Practical Advice for Law Firms in the Hot Seat on Data Security

Scrutiny of law firm data security practices is not new. Large law firms have been the targets of major hacking events, putting client information at risk and contributing to insider trading. Add to that the steadily rising pressure from corporate clients, particularly in the financial services and healthcare sectors, and even the more reticent firms have been forced to act.

What Should Law Firms Do?

As more law practices find data security on their list of priorities, the natural first question is "where do we start?"

The simplest answer is:

  1. Find your firm's vulnerabilities
  2. Invest in technology that addresses those vulnerabilities

There are more sophisticated tools on the market today than ever before to protect you from all kinds of attacks and to provide an unprecedented degree of visibility into what is happening on your network. The challenge facing firms is recruiting and retaining people with the requisite skills and experience to effectively manage these tools and, more importantly, interpret the volumes of data created by network monitoring systems. Moreover, most technology solutions fail to adequately address the more pressing insider threats and risks caused by negligent behavior by trusted users.

Protecting Against the Greatest Risks

Most organizations have no idea whether they are protecting themselves against the threats that pose the most risk. And that is because they don't truly understand their data security risk profile. Assessing a law firm's data risk profile is a relatively straightforward process (at least in theory), but few firms take this step before making security investments.

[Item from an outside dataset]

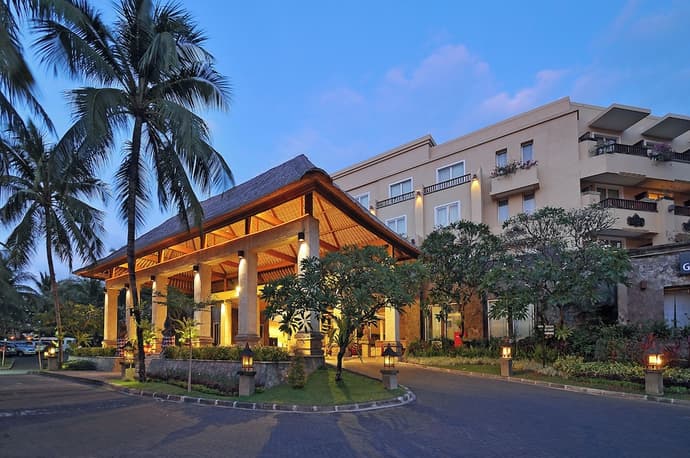 Kuta Paradiso Hotel, Primary image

A firm looking to define its cyber risk profile should set out to answer three simple questions:

  1. What data assets should we be trying to protect?
  2. What are the most realistic threats to those critical assets, including insider threats and accidental loss?
  3. How vulnerable are we to those specific threats?

Only after answering these three questions can a firm can tackle the all-important final challenge: "How can we best invest our limited security budget to maximize our defenses against the highest priority threats and minimize enterprise risk?"

There is a reason firms have not taken this seemingly common-sense approach to addressing data security. While the above approach is straightforward enough, it requires significant collaboration by multiple stakeholders. In short, it recognizes that data security is more than just an IT problem.

Connecting IT to Law Firm Priorities

Certainly, a firm's IT personnel understand generally that client data must be protected. But how many understand why? Or what types of client data are most sensitive?

Even IT staff with strong security backgrounds might have a difficult time answering these questions. Painting a full picture of data risk therefore necessitates input from lawyers, managers and other professional staff in addition to IT. However, most firms do not have the luxury of dedicating staff to threat intelligence research. Certainly, many subscribe to threat intelligence services or feeds, but most of those services do not provide sufficient contextual information to allow a firm to discern which of the threats pose the most risk to their data.

The key to understanding and assessing threats is to include internal experts who really understand the various types of data in the firms possession and then facilitating a process to identify the most likely threats to each data type. For instance, a law firm that possesses sensitive IP data belonging to major technology manufacturing clients definitely must be concerned about hackers attempting to steal that data. Meanwhile, a firm that handles a lot of large employment matters may not be as concerned about hackers and should instead be more focused on accidental exposures of personally identifiable information.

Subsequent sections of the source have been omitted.